Most Americans are now familiar with 5-Hour Energy, those tiny red-and-yellow bottles near most checkout counters. The producer promises four calories and zero sugar with a blend of B-vitamins, amino acids, nutrients and "about as much caffeine as a cup of premium coffee."
However, an independent test conducted by consumerlab.com in 2012, found vitamin levels thousands of times higher than recommended daily allowances. Meanwhile, Forbes' lab tests confirmed the company's caffeine claims: 206 milligrams of caffeine in the Extra Strength 5-Hour bottles, compared to 260 mg in a tall coffee from Starbucks.
Friday morning, the Idaho attorney general's office announced it had reached a settlement with the producers of 5-Hour Energy following claims of misrepresentation, including allegations from consumers who experienced a "crash" after consumption.

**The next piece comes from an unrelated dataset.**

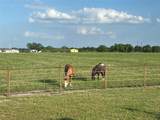 2949 County Road 437 - Photo 4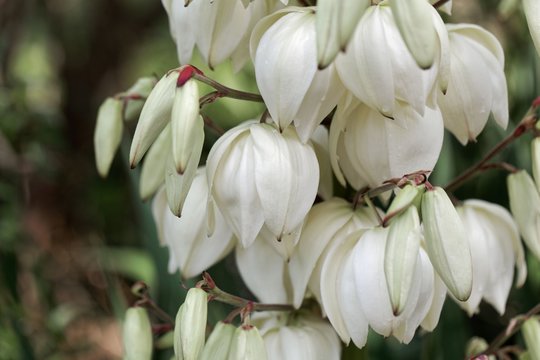 Palm lily (Yucca gloriosa)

Living Essentials and Innovation Ventures deny any violations of Idaho law, but have agreed to stop saying 5-Hour Energy had "sponsorships, benefits or ingredients they don't have." The producers now promise that any new marketing materials for 5-Hour Energy that use the word "crash" shall not use the words "no sugar crash." Additionally, they must include label warnings for children and women who are pregnant or nursing.
“Ensuring companies make accurate statements about their products is important to consumers and the marketplace,” said Wasden.
The companies will pay $9,000 to the AG's office for fees and costs of the investigation and litigation.